→ **Assigned task**:
Write out the entries exactly, leaving out every picture.
:: Entries supplied ::
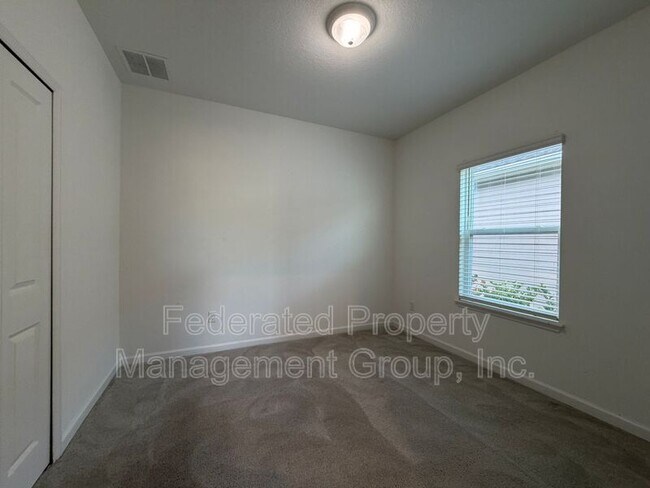 Building Photo - 2993 Crossfield Dr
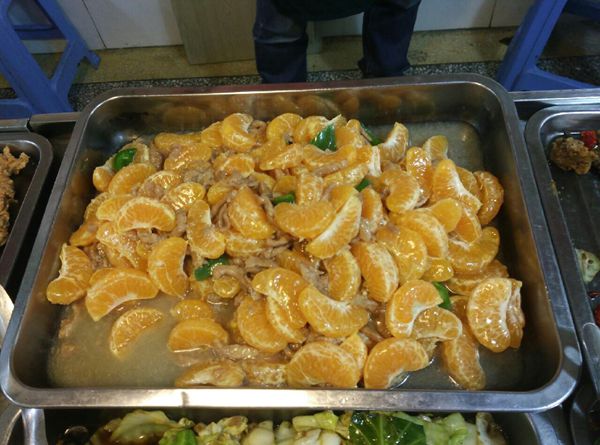 華南女院食堂推出“神菜”　橘子肉絲幾分鐘賣光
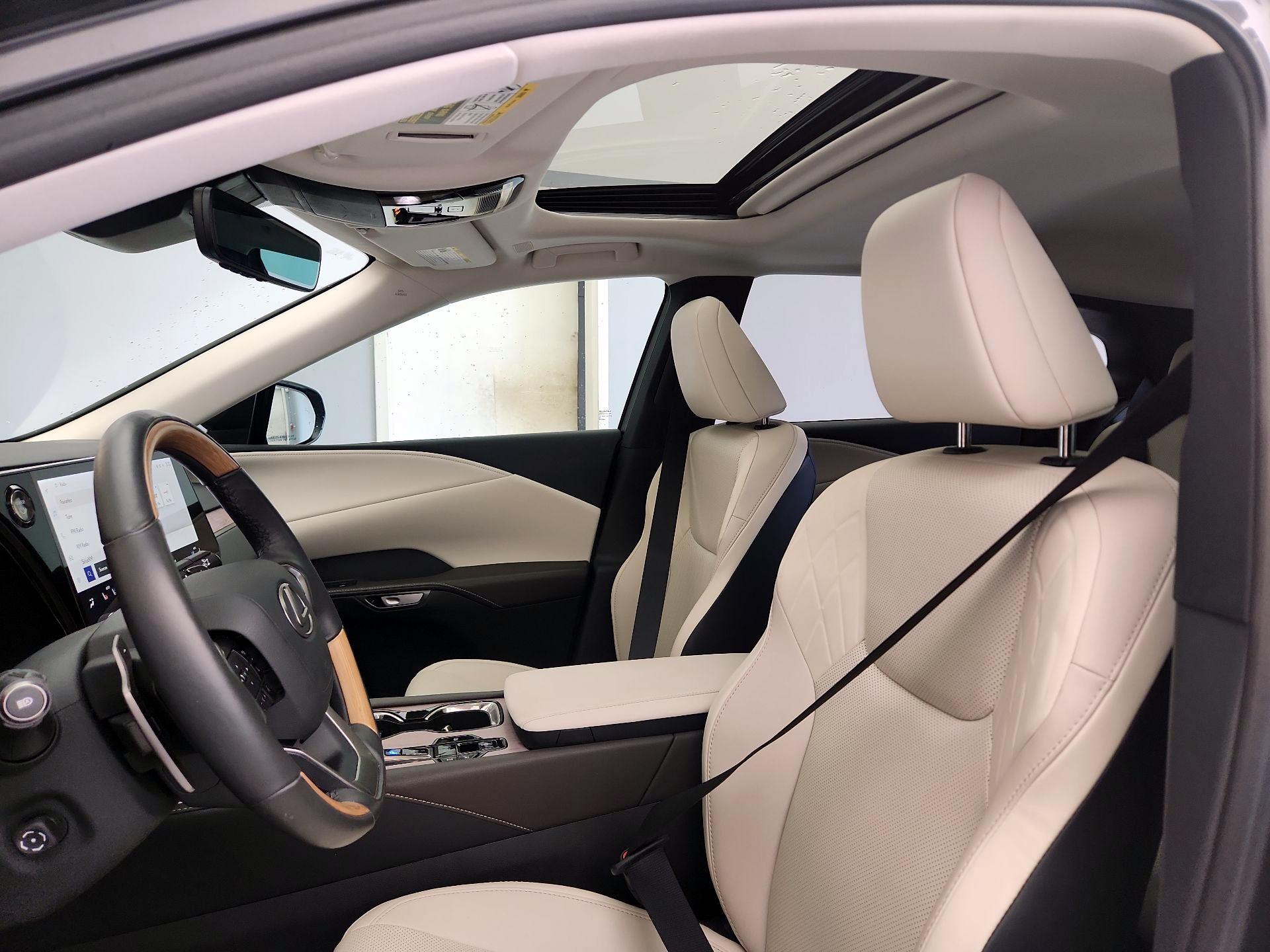 Thumbnail: 2024 Lexus RX - 19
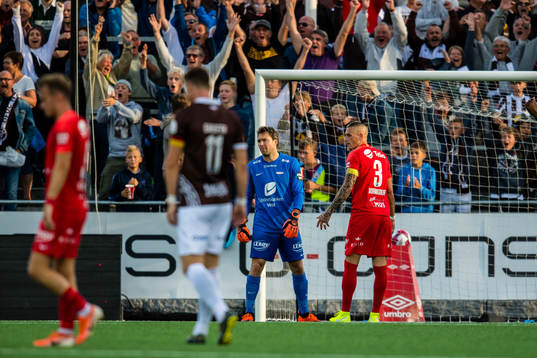 Håkon Eikemo Opdal of Brann and Vito Wormgoor of Brann
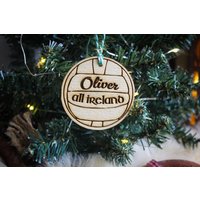 Personalisierte Gaelic Ball Weihnachtsverzierung Gaa Sport Holz Custom Christbaumkugel Lasergravur Rustikaler Holzname Baumdekoration Irish von TheDribblyYak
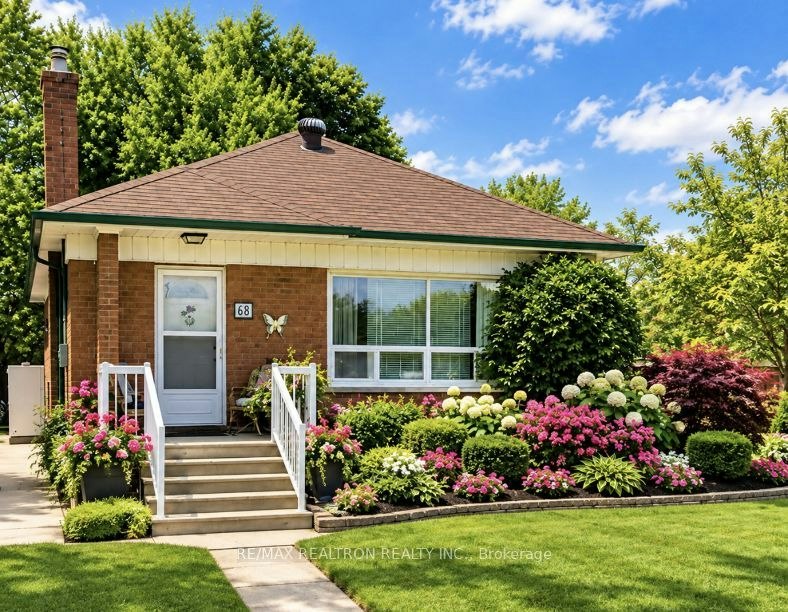 68 Elfreda Boulevard, Toronto, ON, M1L 4L8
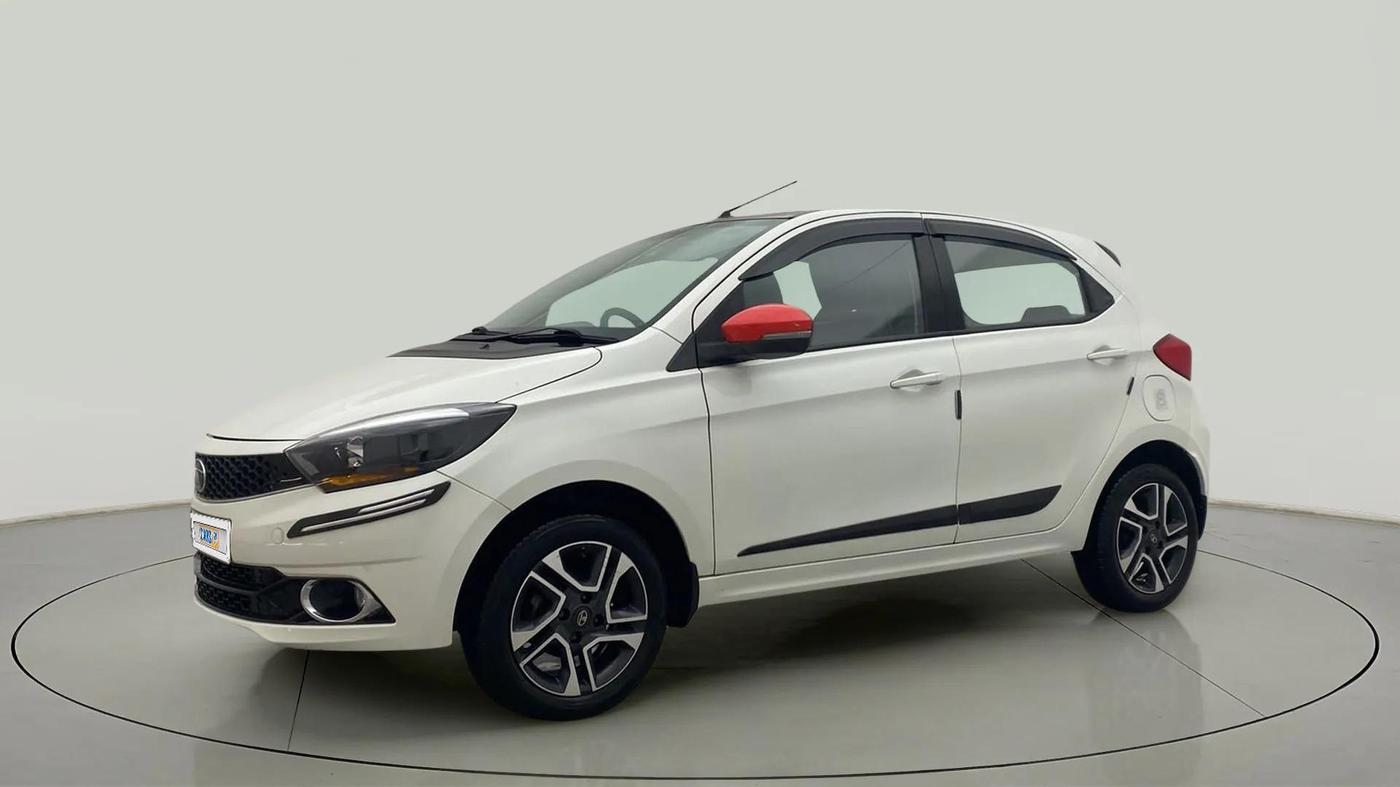 2019 Tata Tiago XZA PLUS PETROL, Petrol, Automatic, 14,600 km, Left Front Diagonal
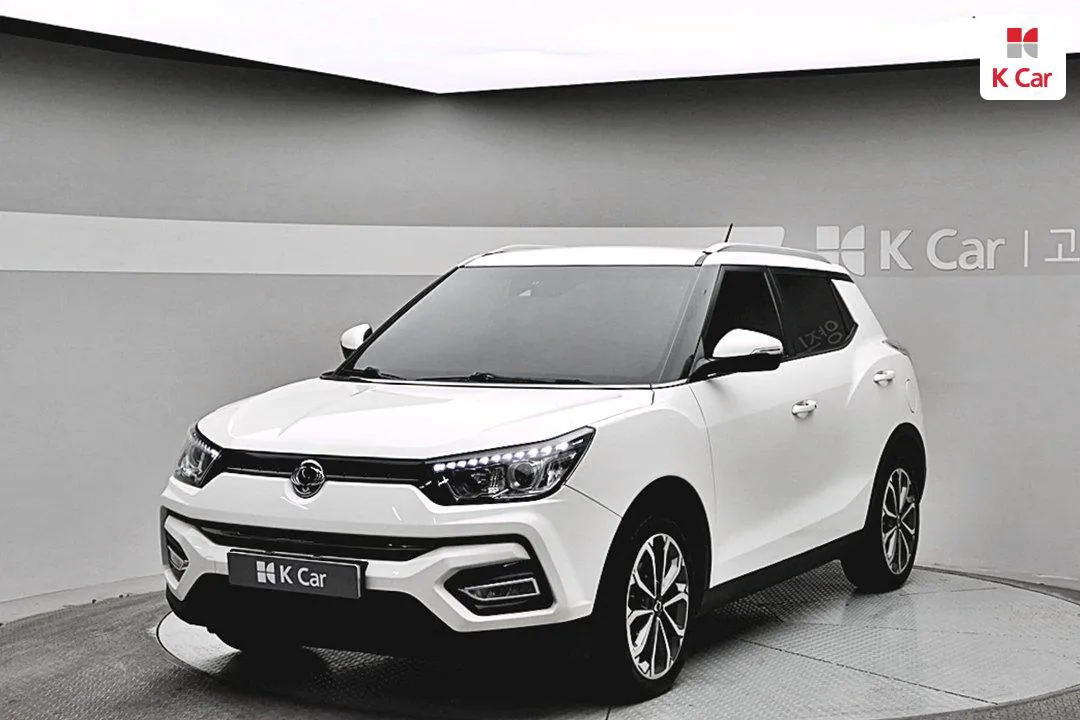 KG Mobility 티볼리 - фото 1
:::
→ **Output below**:
 Building Photo - 2993 Crossfield Dr
 華南女院食堂推出“神菜”　橘子肉絲幾分鐘賣光
 Thumbnail: 2024 Lexus RX - 19
 Håkon Eikemo Opdal of Brann and Vito Wormgoor of Brann
 Personalisierte Gaelic Ball Weihnachtsverzierung Gaa Sport Holz Custom Christbaumkugel Lasergravur Rustikaler Holzname Baumdekoration Irish von TheDribblyYak
 68 Elfreda Boulevard, Toronto, ON, M1L 4L8
 2019 Tata Tiago XZA PLUS PETROL, Petrol, Automatic, 14,600 km, Left Front Diagonal
 KG Mobility 티볼리 - фото 1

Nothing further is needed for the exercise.